Swann a en effet dissipé sa jeunesse à courir les salons et à chercher à plaire aux duchesses et aux princesses. La mondanité pour lui est une seconde nature, il ne peut vivre sans fréquenter ceux qu’il trouve niais, ignorants et cruels. Il a besoin d’eux pour combler un vide que l’œuvre d’art aurait dû combler. Ceux qu’il juge sévèrement au fond de lui prennent leur revanche en l’empêchant de travailler, de réaliser une œuvre d’art et de se réaliser lui-même. Swann est à la recherche de lui-même ; on sent qu’il est angoissé, qu’il se pose des questions et qu’il se remet en question. Mais il ne peut prendre aucune décision et se réfugie dans son amour pour les sons, les couleurs et les formes ; tout cela parce que les êtres n’ont pas d’existence autonome dans sa conscience. Il a besoin de les recréer par le biais de l’art et ils deviennent ainsi des représentations picturales. Jamais il n’aurait eu cette liaison amoureuse avec Odette sans la découverte de sa ressemblance avec la fille de Jethro. Quand Swann a découvert que Mme de Crécy est l’original charnel de Zephora, il s’est senti plus déterminé que jamais à nouer une vraie relation amoureuse avec elle.

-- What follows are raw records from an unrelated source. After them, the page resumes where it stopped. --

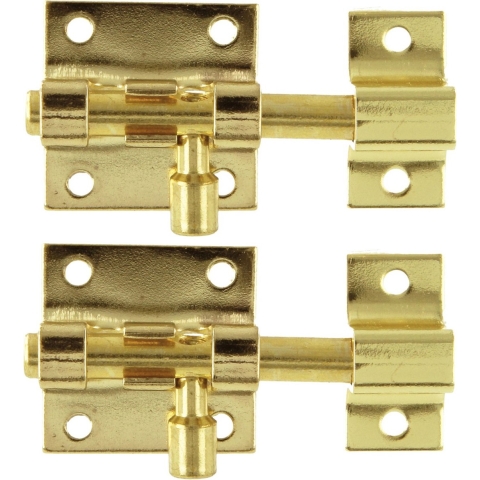 AMIG schuifslot/plaatgrendel - 4x - staal - 3 x 2.75 cm - met messing afgewerkt staal - deur - sch -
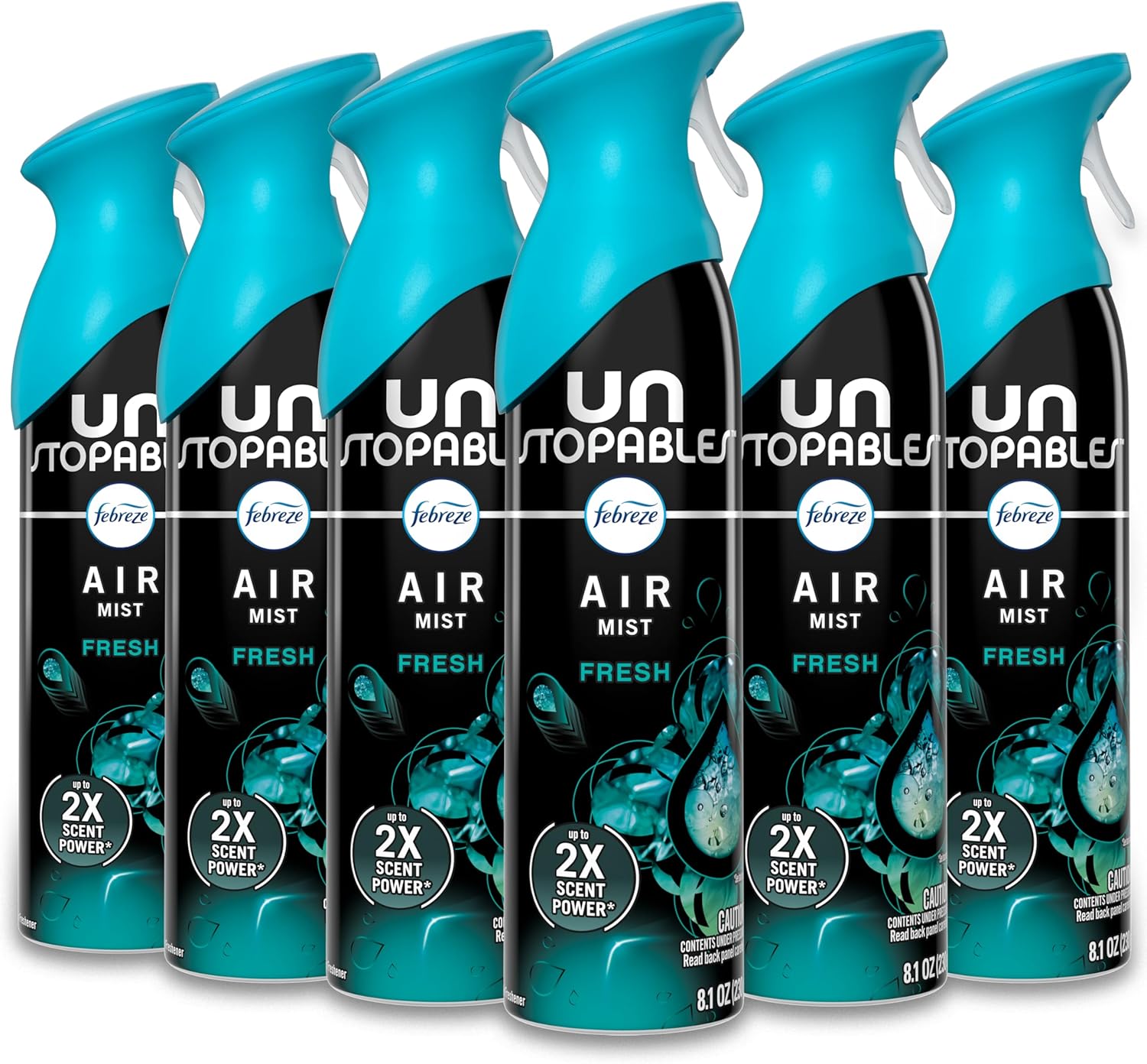 Febreze Air Mist, Air Freshener Spray, Odor Fighting Room Spray, Deodorizer for Home Bathroom Kitchen Office Apartment Dorm Room Classroom, Unstopables Fresh Scent, 8.1oz (Pack of 6)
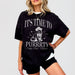 Cat themed bachelorette party shirt printed with "Getting Meowied" slogan, perfect for the bride-to-be or bridal party on the wedding weekend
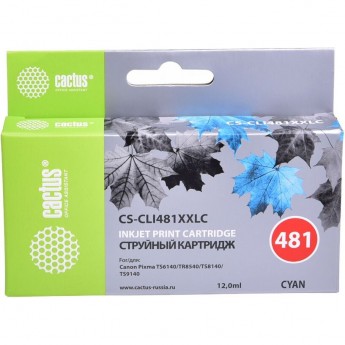 Струйный картридж CACTUS CS-CLI481XXLC (CLI-481C XXL) для Canon Pixma TR7540, TR8540, TS6140, TS8140, TS9140, TS704, голубой, 12 мл Струйный картридж CACTUS CS-CLI481XXLC (CLI-481C XXL) для Canon Pixma TR7540, TR8540, TS6140, TS8140, TS9140, TS704, голубой, 12 мл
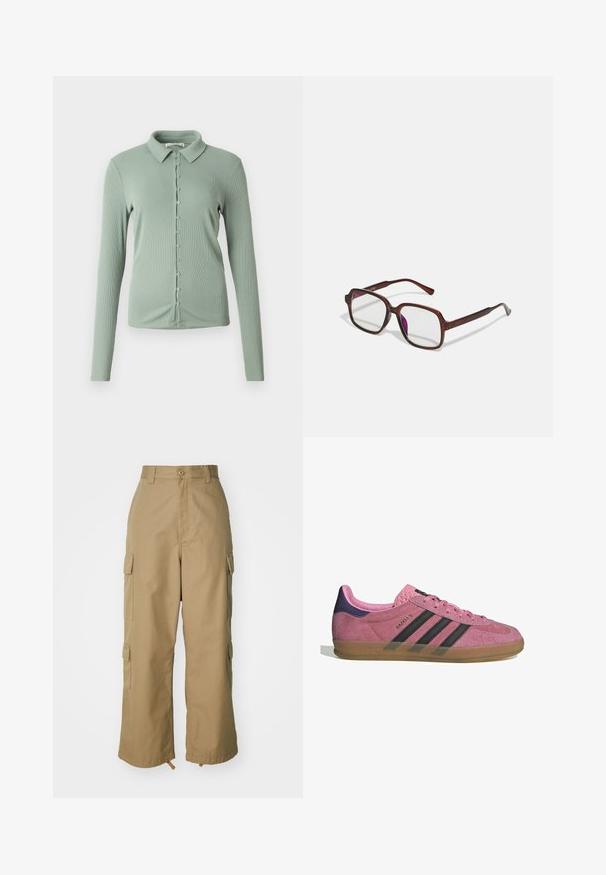 Gaiši zaļš garās piedurknes krekls ar apkakles izgriezumu. Rievota tekstūra ar priekšējo pogu aizdares sistēmu un mazām pogām pa centru.; Divi balti kokvilnas t-krekli ar īsām piedurknēm, apaļām kakla izgriezumiem un pieguļošu siluetu, ar gludu tekstūru un minimālistisku dizainu.; Bēša kravas bikses ar augstu jostasvietu, platām kājām un četriem lieliem sānu kabatām. Izgatavotas no izturīgas auduma ar gludu tekstūru un minimālām detaļām.; Rozā zamšādas sporta apavi ar melnām svītrām, gumijas zoli un teksturētu purpura papēdi. Iezīmējas ar auklēšanas dizainu un izspiestu zīmolu sānos.; Brūnas, taisnstūra formas brillēs ar caurspīdīgām lēcām un purpura nokrāsām. Gluda plastmasas apdare ar taisnām tempļiem un smalkiem akcentiem.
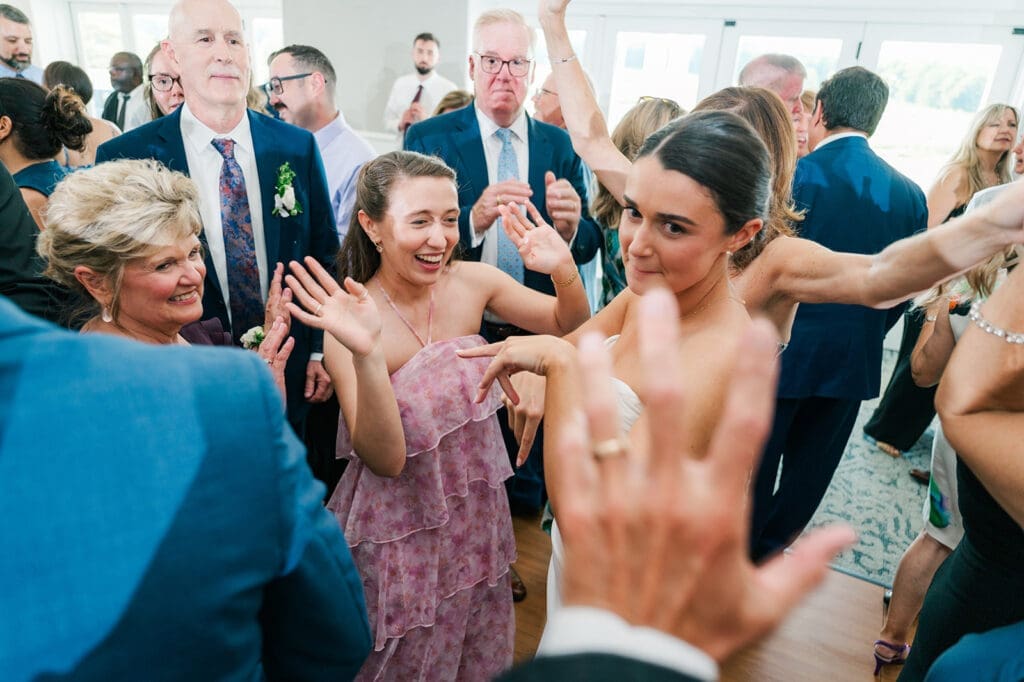 Guests dance on the dance floor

« Il la regardait ; un fragment de la fresque apparaissait dans son visage et dans son corps, que dès lors il chercha toujours à y retrouver, soit qu’il fût auprès d’Odette soit qu’il pensât seulement à elle ; et, bien qu’il ne tînt sans doute au chef-d’œuvre florentin que parce qu’il le retrouvait en elle, pourtant cette ressemblance lui conférait à elle aussi une beauté, la rendait plus précieuse. Swann se reprocha d’avoir méconnu le prix d’un être qui eût paru adorable au grand Sandro... » Du côté de chez Swann.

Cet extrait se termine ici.